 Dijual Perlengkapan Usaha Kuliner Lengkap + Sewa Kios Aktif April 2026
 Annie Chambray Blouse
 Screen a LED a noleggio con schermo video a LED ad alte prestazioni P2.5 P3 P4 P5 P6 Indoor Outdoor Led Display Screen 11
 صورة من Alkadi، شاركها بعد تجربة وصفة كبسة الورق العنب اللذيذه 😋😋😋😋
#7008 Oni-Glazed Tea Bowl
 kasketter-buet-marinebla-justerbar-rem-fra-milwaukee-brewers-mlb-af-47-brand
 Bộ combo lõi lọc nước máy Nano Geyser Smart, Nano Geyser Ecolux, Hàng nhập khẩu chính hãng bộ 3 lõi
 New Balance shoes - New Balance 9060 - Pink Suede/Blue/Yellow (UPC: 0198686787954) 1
○ ○ ○ ○ ○
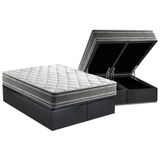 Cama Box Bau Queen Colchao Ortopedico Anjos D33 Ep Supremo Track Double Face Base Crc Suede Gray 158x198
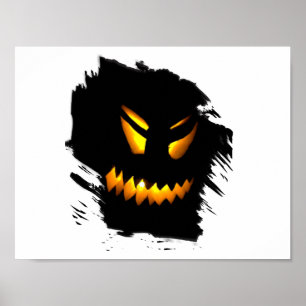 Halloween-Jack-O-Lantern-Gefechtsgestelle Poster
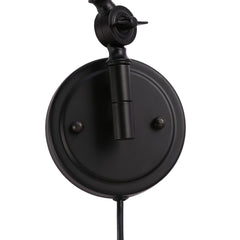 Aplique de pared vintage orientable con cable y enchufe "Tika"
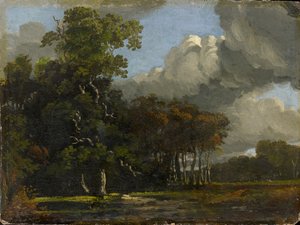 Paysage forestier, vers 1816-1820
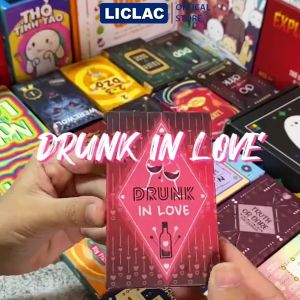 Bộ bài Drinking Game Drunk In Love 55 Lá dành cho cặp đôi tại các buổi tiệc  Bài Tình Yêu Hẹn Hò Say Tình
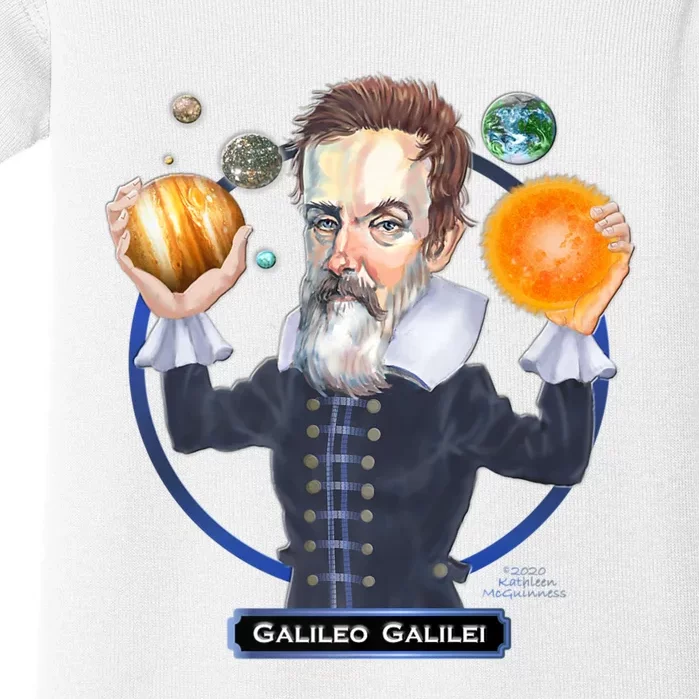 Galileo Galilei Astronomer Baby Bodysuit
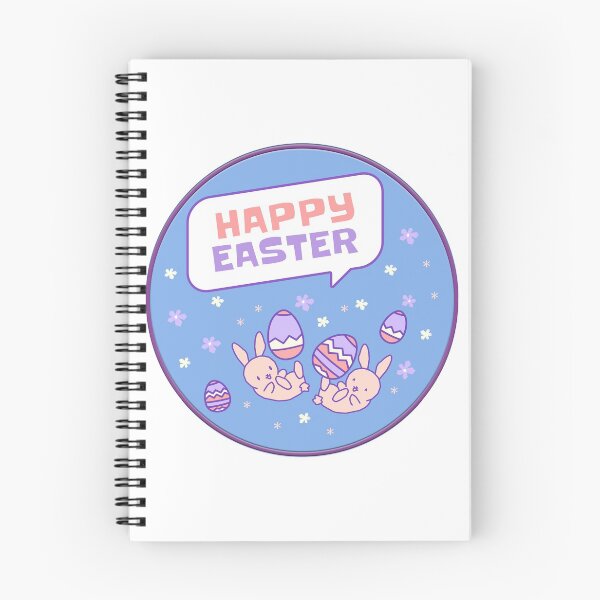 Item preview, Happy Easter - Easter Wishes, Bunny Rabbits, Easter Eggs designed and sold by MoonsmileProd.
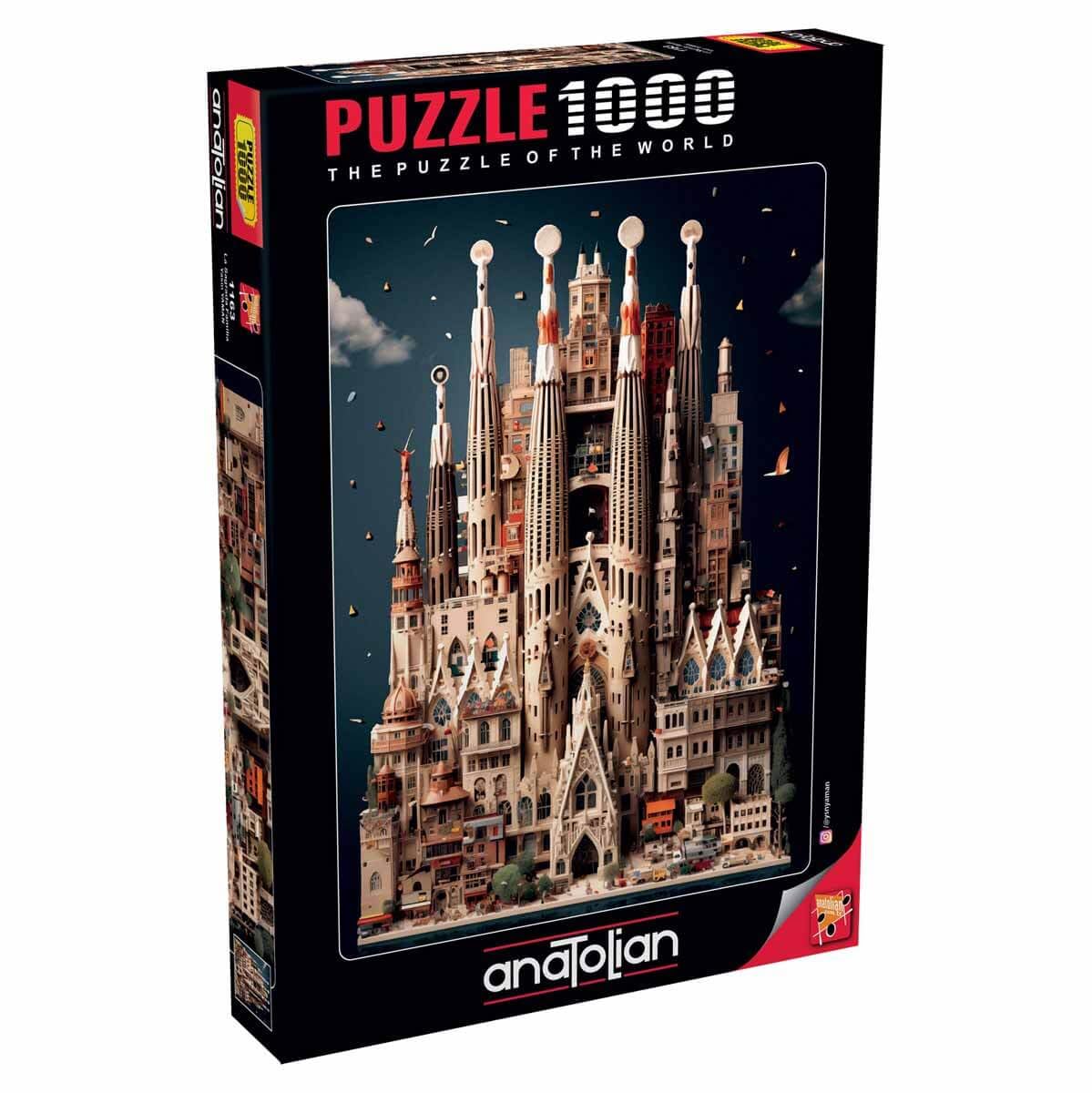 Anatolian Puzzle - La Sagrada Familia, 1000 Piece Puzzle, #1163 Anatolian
○ ○ ○ ○ ○
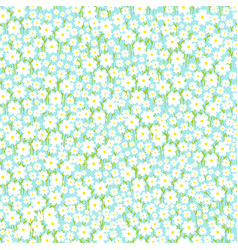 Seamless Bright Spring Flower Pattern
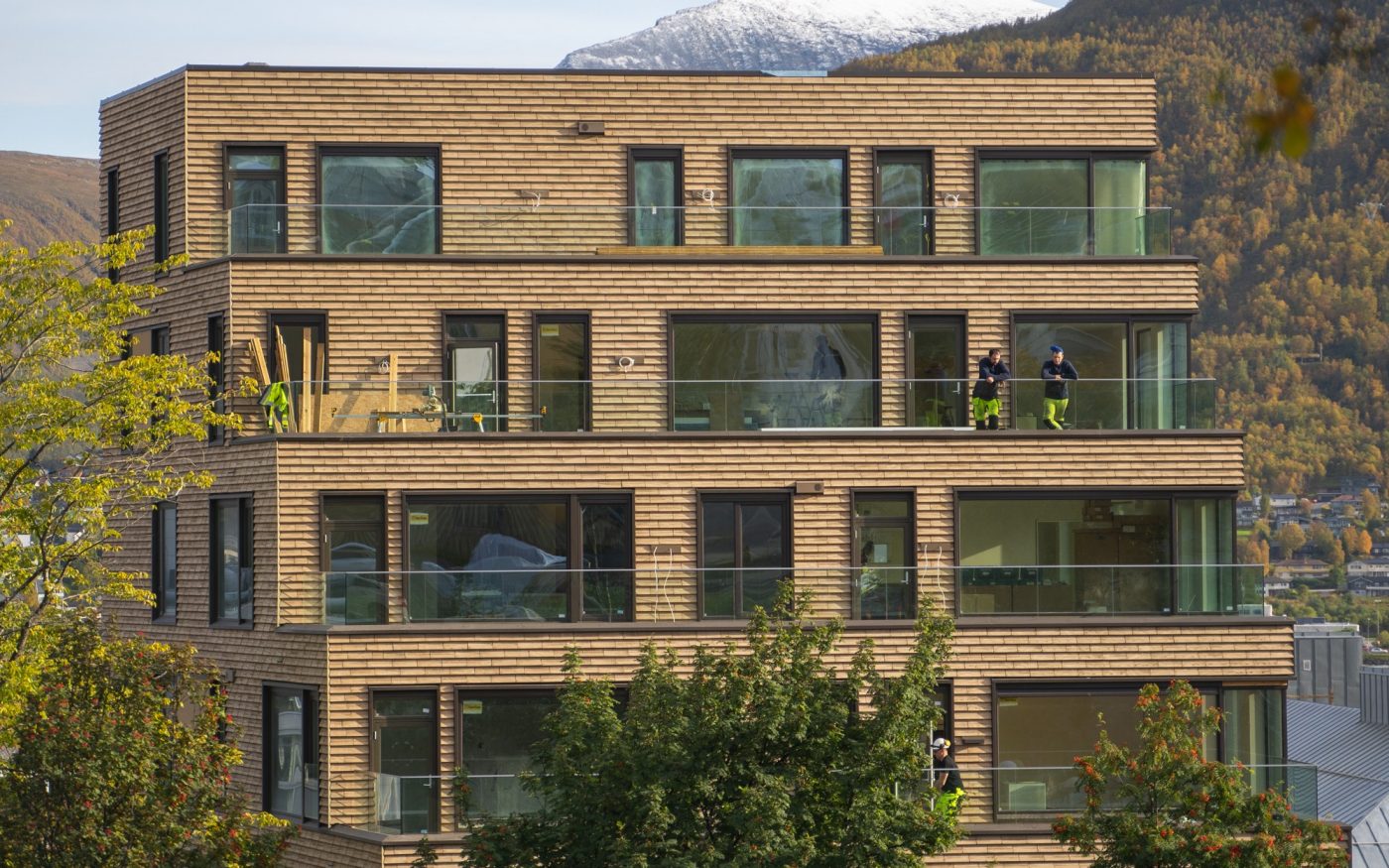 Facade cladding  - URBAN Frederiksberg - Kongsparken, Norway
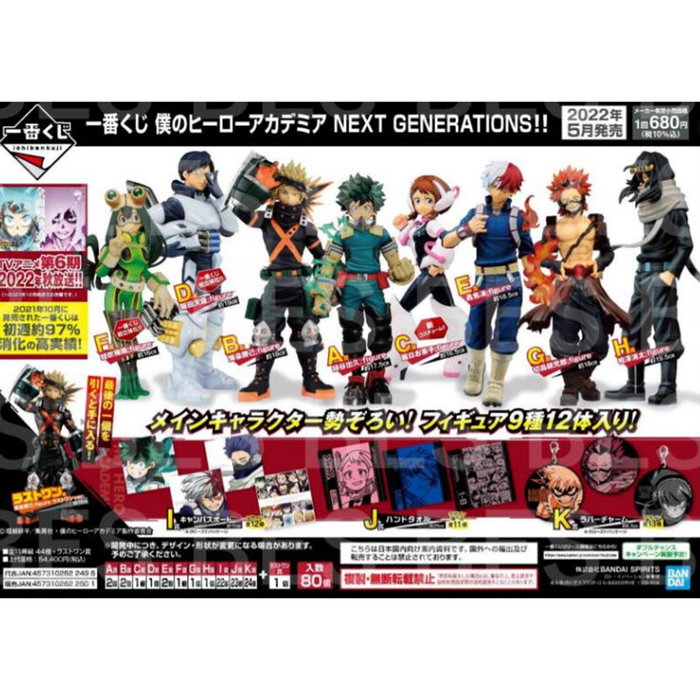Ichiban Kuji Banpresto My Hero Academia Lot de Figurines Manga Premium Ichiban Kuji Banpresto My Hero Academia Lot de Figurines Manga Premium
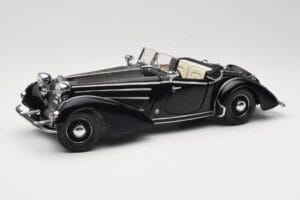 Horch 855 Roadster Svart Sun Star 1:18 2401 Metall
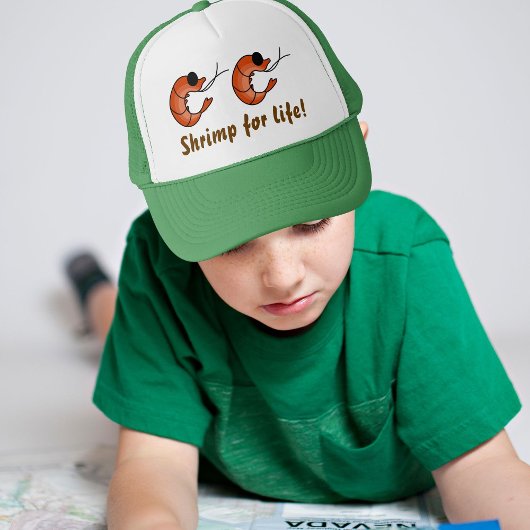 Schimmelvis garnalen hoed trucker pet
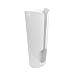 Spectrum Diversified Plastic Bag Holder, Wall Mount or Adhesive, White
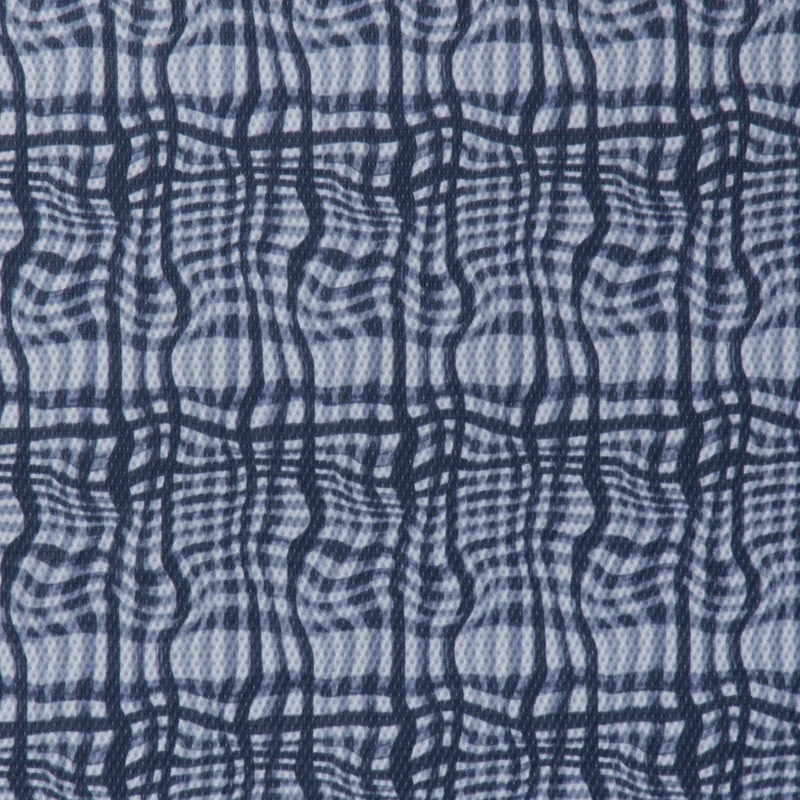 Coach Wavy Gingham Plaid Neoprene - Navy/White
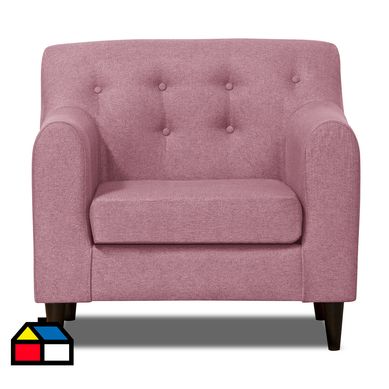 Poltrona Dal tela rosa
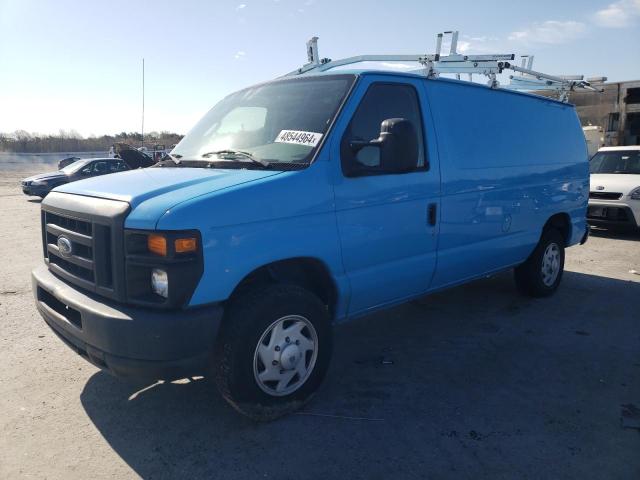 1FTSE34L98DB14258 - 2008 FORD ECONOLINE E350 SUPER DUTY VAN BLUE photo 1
○ ○ ○ ○ ○
ASSIGNMENT:
Within the material above, find the part that opens with the line containing "Item preview, Happy" and closes with the line containing "Anatolian Puzzle - La", and reproduce it exactly without the pictures.

RESPONSE AREA:
 Item preview, Happy Easter - Easter Wishes, Bunny Rabbits, Easter Eggs designed and sold by MoonsmileProd.
 Anatolian Puzzle - La Sagrada Familia, 1000 Piece Puzzle, #1163 Anatolian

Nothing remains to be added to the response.